-- DATA FOR ANALYSIS follows --

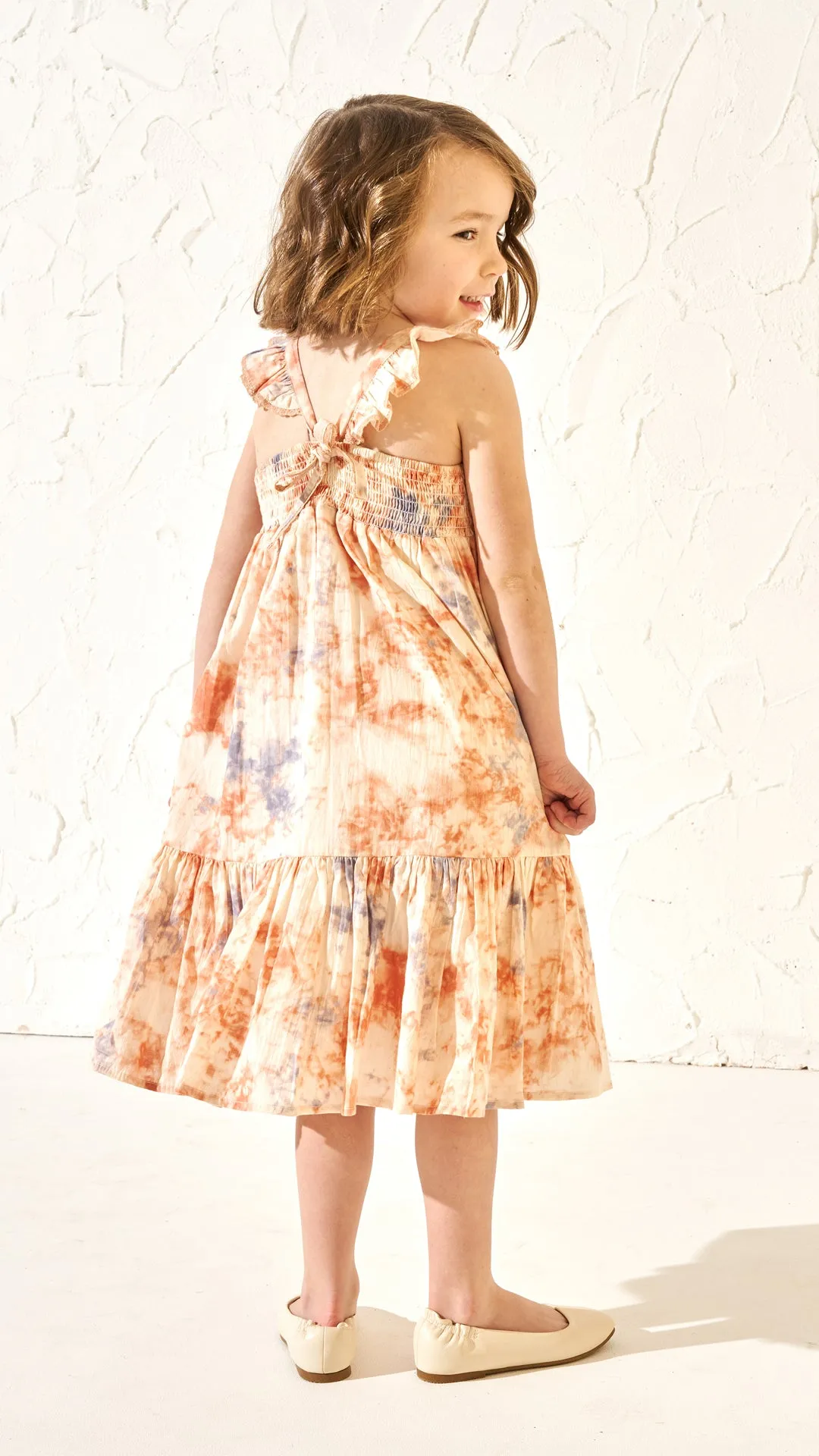 April Orange Pastel Tie Dye Dress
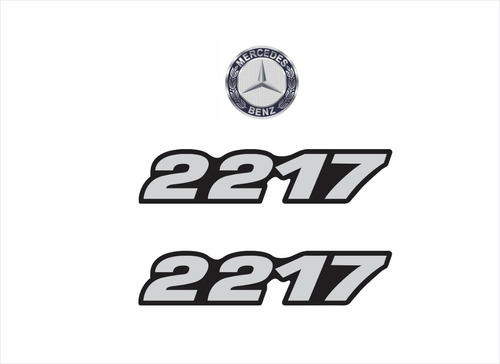 Kit Adesivo Compatível Emblema Mercedes 2217 Resinado F077 Cor Padrão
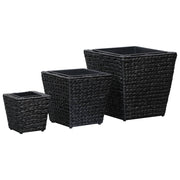 Plantenbak set waterhyacint zwart 3 stuks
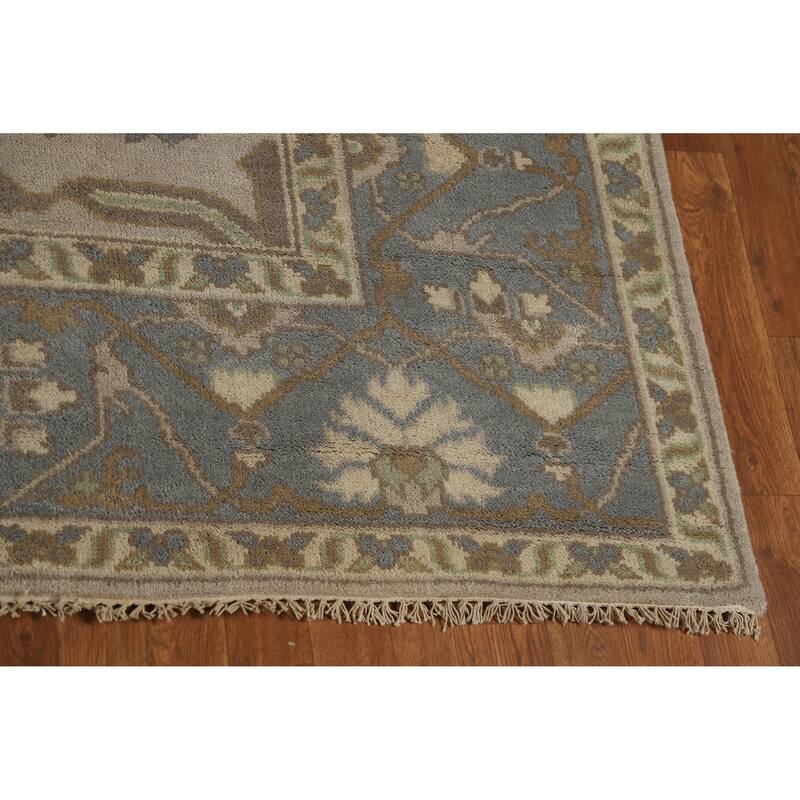 Oushak Indian Rug Hand-Knotted Wool Carpet - 8'1" x 9'10"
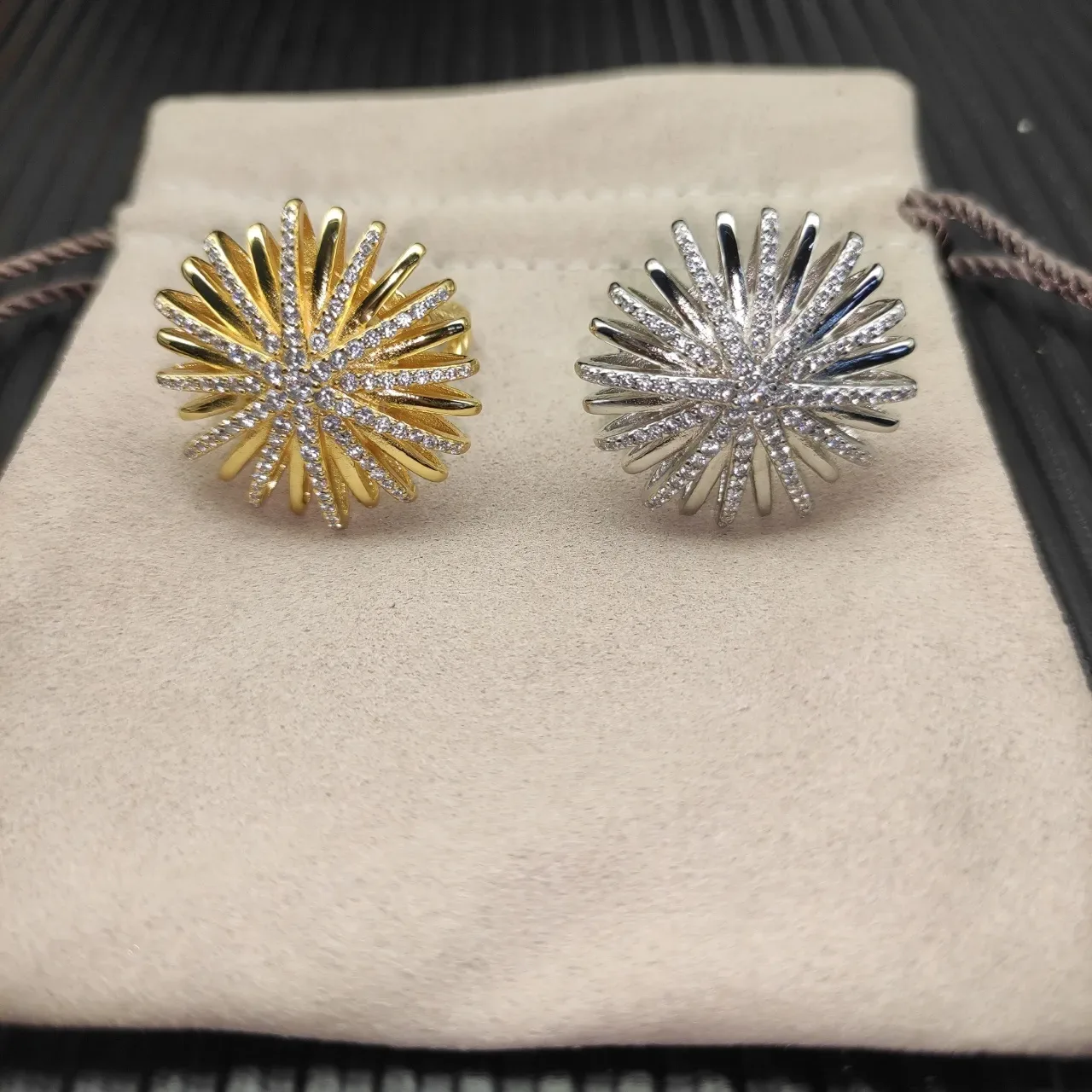 David Yurman Sunburst Pavé Diamond হলুদ সোনার আংটি 4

-- DATA FOR ANALYSIS concluded --

TASK OBJECTIVE:
Could you return the entire listing above verbatim while dropping each picture?

ANSWER FOR THIS EXERCISE:
 April Orange Pastel Tie Dye Dress
 Kit Adesivo Compatível Emblema Mercedes 2217 Resinado F077 Cor Padrão
 Plantenbak set waterhyacint zwart 3 stuks
 Oushak Indian Rug Hand-Knotted Wool Carpet - 8'1" x 9'10"
 David Yurman Sunburst Pavé Diamond হলুদ সোনার আংটি 4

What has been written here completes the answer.